Updated: Apr 8, 2021
Psychological burnout is real, and honestly, you will not see this one coming. Your athlete's health and mental being will deteriorate silently until they have a breakdown. You'll then question yourself, how something like this could ever happen?!
I call this a "Swimming Killer" because this type of burnout will be problematic and irreversible. It occurs most frequently with athletes who are around 14 and over due to the excessive demands and pressure placed upon them.
Excessive demands and pressure placed on athletes leads to drop-out... this is unprecedented and alarming as most cases is due to PSYCHOLOGICAL BURNOUT!
Psychological burnout WILL push swimmers away FROM SWIMMING.
We all agree that swimming requires significant time and effort. We all agree that swimming training's structure tends to be repetitive. And, this can cause boredom. Comparing swimming with other sports, swimmers may receive less social aspect. We all know that our "swim season" can be exceptionally long without breaks. This will potentially lead your swimmers to have to endure particularly dull (boring) practice sessions.
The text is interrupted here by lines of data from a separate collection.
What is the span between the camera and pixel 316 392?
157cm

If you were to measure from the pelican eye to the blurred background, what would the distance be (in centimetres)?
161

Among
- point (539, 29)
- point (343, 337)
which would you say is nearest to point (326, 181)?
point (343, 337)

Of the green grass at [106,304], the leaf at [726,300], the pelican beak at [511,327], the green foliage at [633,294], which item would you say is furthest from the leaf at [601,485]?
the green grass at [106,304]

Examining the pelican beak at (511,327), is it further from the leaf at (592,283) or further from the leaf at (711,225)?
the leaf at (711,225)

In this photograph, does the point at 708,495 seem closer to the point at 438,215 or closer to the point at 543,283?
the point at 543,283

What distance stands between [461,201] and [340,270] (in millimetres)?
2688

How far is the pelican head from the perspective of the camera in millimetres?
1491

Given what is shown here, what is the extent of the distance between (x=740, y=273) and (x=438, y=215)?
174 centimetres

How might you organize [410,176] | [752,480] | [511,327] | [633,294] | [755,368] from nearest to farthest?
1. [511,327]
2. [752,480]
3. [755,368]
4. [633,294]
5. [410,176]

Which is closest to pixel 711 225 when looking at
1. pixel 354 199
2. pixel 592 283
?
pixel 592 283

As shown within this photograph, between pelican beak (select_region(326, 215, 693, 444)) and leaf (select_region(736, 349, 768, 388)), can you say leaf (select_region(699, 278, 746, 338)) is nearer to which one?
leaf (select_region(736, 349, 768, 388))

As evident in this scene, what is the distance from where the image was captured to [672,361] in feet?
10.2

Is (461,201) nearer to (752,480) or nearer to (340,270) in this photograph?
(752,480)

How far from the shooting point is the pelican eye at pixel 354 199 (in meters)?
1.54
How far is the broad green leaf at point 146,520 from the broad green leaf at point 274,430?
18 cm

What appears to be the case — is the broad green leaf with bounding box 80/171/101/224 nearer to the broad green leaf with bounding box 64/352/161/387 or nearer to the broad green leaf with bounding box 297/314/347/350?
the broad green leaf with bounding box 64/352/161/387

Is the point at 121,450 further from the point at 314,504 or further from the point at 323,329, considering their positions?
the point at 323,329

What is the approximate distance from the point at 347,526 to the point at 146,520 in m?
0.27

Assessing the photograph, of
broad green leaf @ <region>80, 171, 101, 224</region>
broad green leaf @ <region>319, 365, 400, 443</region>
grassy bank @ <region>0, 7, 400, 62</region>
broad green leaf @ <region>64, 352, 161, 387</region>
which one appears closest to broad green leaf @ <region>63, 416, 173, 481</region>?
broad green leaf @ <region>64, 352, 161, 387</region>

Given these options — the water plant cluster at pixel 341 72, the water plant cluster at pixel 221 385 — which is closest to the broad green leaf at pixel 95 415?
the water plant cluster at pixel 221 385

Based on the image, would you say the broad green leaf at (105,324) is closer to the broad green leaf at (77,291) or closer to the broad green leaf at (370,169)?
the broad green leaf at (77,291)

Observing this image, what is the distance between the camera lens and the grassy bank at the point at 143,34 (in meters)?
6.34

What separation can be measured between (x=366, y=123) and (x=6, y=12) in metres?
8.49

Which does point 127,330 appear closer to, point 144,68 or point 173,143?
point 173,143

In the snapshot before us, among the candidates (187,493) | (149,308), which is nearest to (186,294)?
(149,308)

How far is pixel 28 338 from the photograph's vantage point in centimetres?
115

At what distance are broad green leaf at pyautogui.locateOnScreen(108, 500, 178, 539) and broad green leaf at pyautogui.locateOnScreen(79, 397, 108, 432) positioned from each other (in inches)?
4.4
Swimmers often retire well before reaching their physical and psychological peak.
In my opinion, this is extremely unfortunate. Imagine the unfulfilled potential that might have greatly benefitted both the swimmer and potentially the swim team. Right now, there is far too much talent leaving the sport at a young age, well before swimmers reach their peak.
Collectively, we need to try to put an end to this!
Burnout is not inevitable.
Understanding psychological burnout is crucial.
We must be able to identify what burnout looks like before we attempt to fix it.
There are some personality traits and warning signs that may predispose individuals to burnout.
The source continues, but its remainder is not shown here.